THE DATA:
━━━━━━━━━━
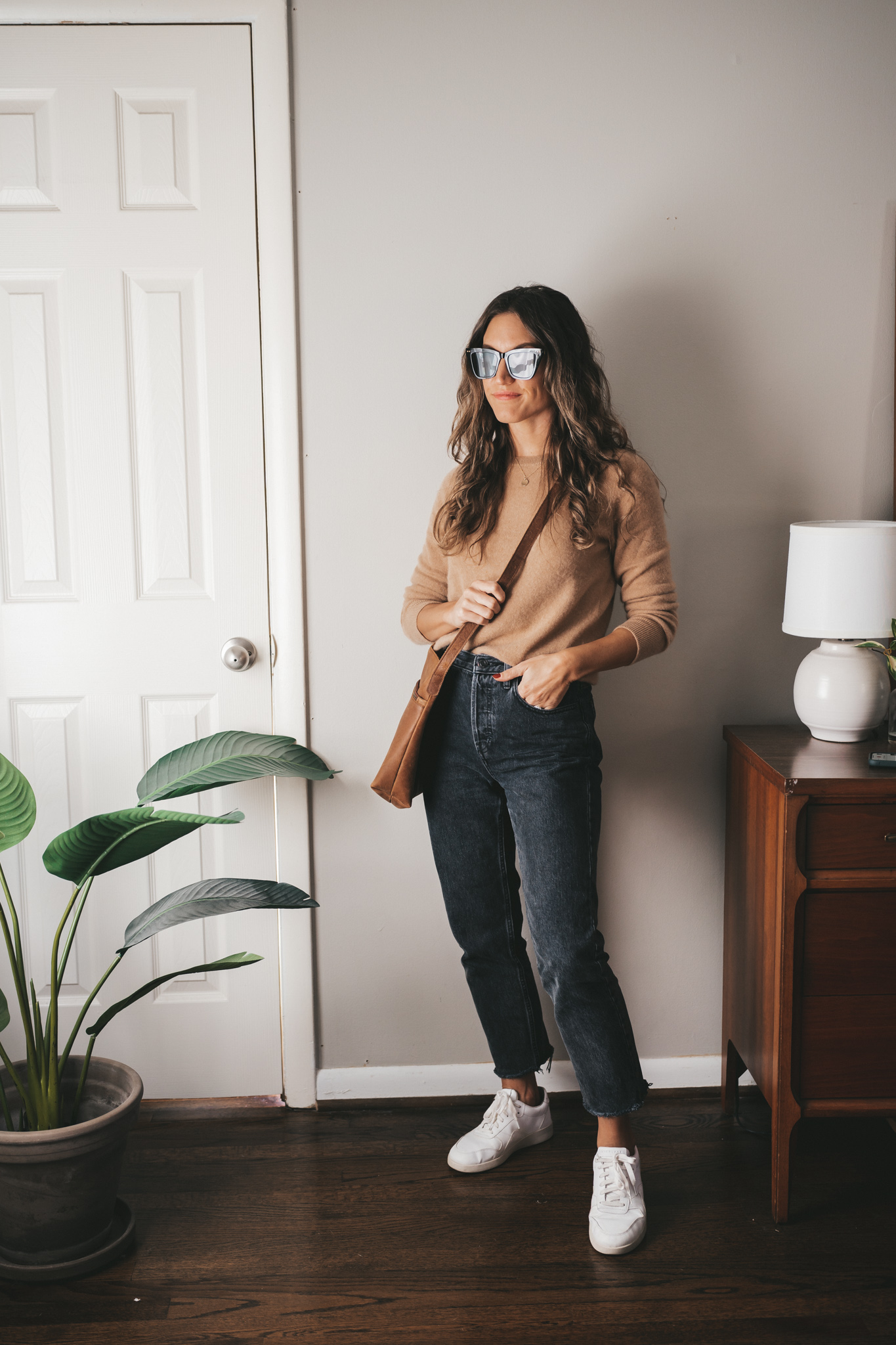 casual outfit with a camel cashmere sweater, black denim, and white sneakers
━━━━━━━━━━
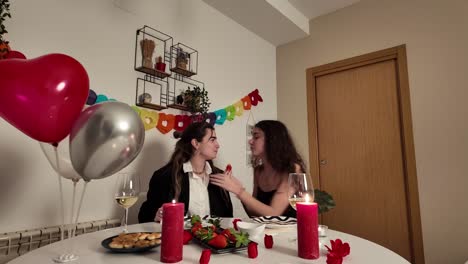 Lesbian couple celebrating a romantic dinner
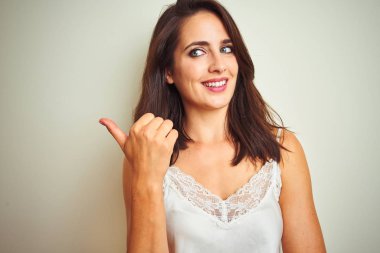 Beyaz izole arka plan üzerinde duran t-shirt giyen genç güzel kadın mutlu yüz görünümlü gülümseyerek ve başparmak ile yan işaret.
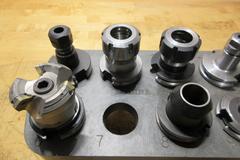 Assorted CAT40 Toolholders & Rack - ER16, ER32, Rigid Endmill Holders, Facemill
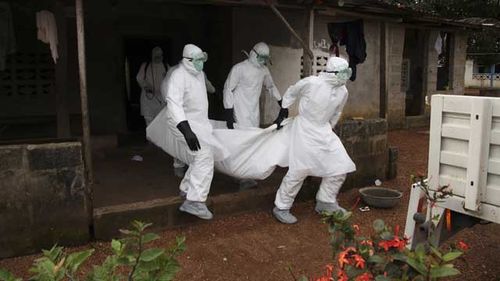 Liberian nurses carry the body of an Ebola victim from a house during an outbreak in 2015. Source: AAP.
━━━━━━━━━━
WHAT IS BEING ASKED:
When you reach the line with "Assorted CAT40 Toolholders" in the records above, start writing out each line exactly, and stop after the line with "Liberian nurses carry". Pictures stay out.

RESULT OF THE TASK:
 Assorted CAT40 Toolholders & Rack - ER16, ER32, Rigid Endmill Holders, Facemill
 Liberian nurses carry the body of an Ebola victim from a house during an outbreak in 2015. Source: AAP.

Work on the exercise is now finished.